In Daughter of Time, policeman Grant discusses the type of history told in tidy, compartmentalized stories:
This, after all, was the history that every adult remembered. This was what remained in their minds when tonnage and poundage, and ship money, and Laud's Liturgy, and the Rye House Plot, and the Triennial Acts, and all the long muddle of schism and shindy, treaty and treason, had faded from their consciousness (p.25).Grant is referring to how "we" (meaning me and other people) remember something like the American Revolution in terms of Paul Revere. The Boston Tea Party. Crossing the Delaware. Discrete, compartmentalized events.
And I defend this--after all, people should have some idea of the order of history, some starting point. I even point out that sometimes the streamlined "easy" story turns out to be kind of true. Yes, more people than Paul Revere headed out to warn colonists that the "British are coming!" But modern scholarship reveals that Paul Revere's efforts had greater impact and spread the message to more people than either Dr. Prescott's or William Dawes' (see Gladwell's The Tipping Point). Longfellow's choice of hero carries a core of truth.
I also complain about well-educated adults who confuse the Middle Ages with the 1700s (I'm not kidding). Or don't realize that people were emigrating West before the Civil War (and after). So knowing the order of events in history can be useful.
However, in this revised post, I want to focus on the need to question the narrative arc, whether conservative or progressive. It is surprisingly difficult to convince adult people that a narrative like, "Women wanted the vote but men tried to stop them" is far too simplistic. In truth, many women wanted the vote and many men helped them. And a large number of women opposed the suffrage movement and although they were linked to men, the anti-suffragists were surprisingly independent from men (though they used men when convenient).
A good example of my own experience with narrative arcs being upended is Rosie the Riveter and WWII. The narrative arc I learned growing up is that women didn't work before WWII. Then the war came and women went to work.
Actually, no. The war came and women were able to get well-paying manufacturing jobs.
Women were already working outside the home. The suburban homemaker of the two-parent/one-income family is fairly exclusive to an extremely small portion of American women and to, well, all of history (taking into consideration that for much of history, men and women worked out of the same location--and yes, they were both bringing in income; check out Martha Ballard).
The nature of work changed over the years, but again, many of the women who went to work in the factories were women who were already working outside the home. They liked the jobs because they paid well, they paid for schooling, and the women often mastered them very quickly. When the war ended and soldiers came back, the propaganda machine said, "Okay, women, go back to your children." But these were women who already belonged to two-income households or were the sole breadwinners of one-income families. They didn't go back home. They went looking for another job.

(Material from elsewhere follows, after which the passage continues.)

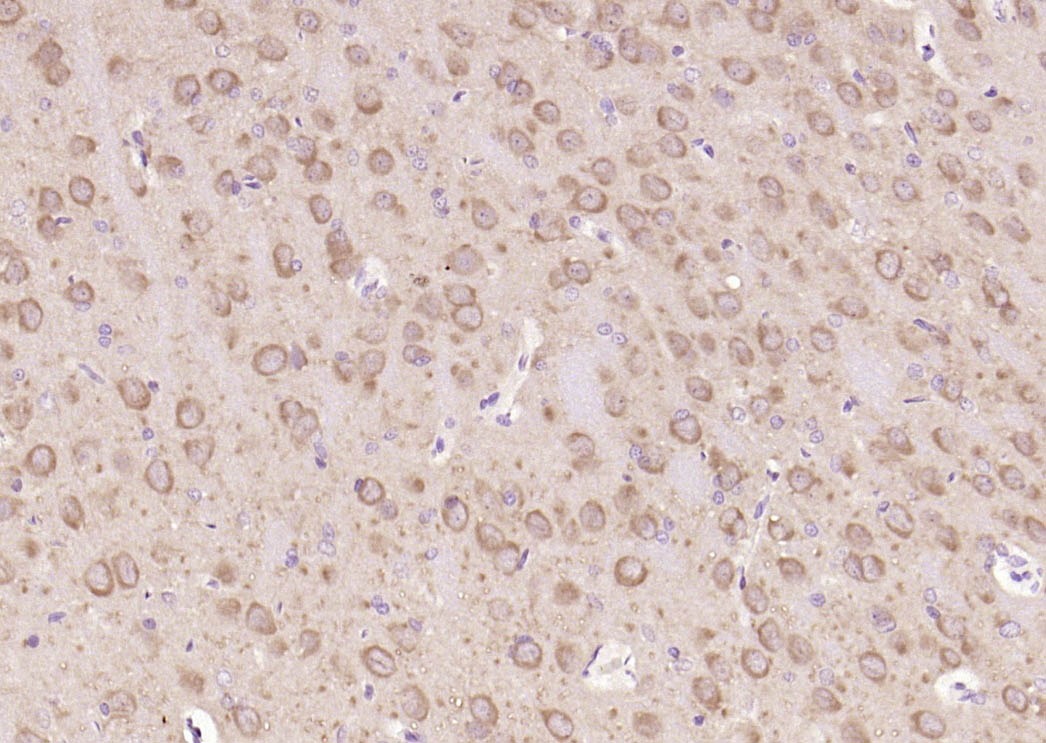 Anti-GSK3B Antibody (5W152)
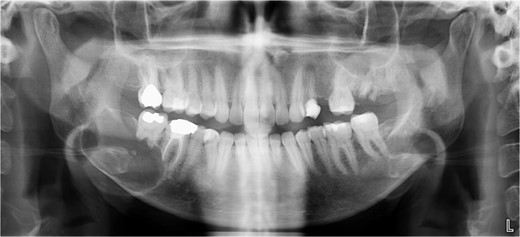 Panoramic radiograph showing a unilocular radiolucency extending from the right mandibular angle to the right first molar region.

Conclusion: Be careful of the narrative that insists that once upon a time, EVERYBODY was like THIS.
1 comment:
History is always more complex than we think. I knew people immigrated to the West prior to the Civil War since I grew up in Texas and in school you get one year of Texas History (as opposed to American History or World History.) Because of that I knew about early settlements.
I find it weird that people would think of the 1700s as the Middle ages, but I probably shouldn't. It's not anything new. C.L. Moore wrote a series of pulp stories about warrior woman named Jirel of Joiry. She dated the stories in the 1500s even though it was suppose to be Dark Ages France.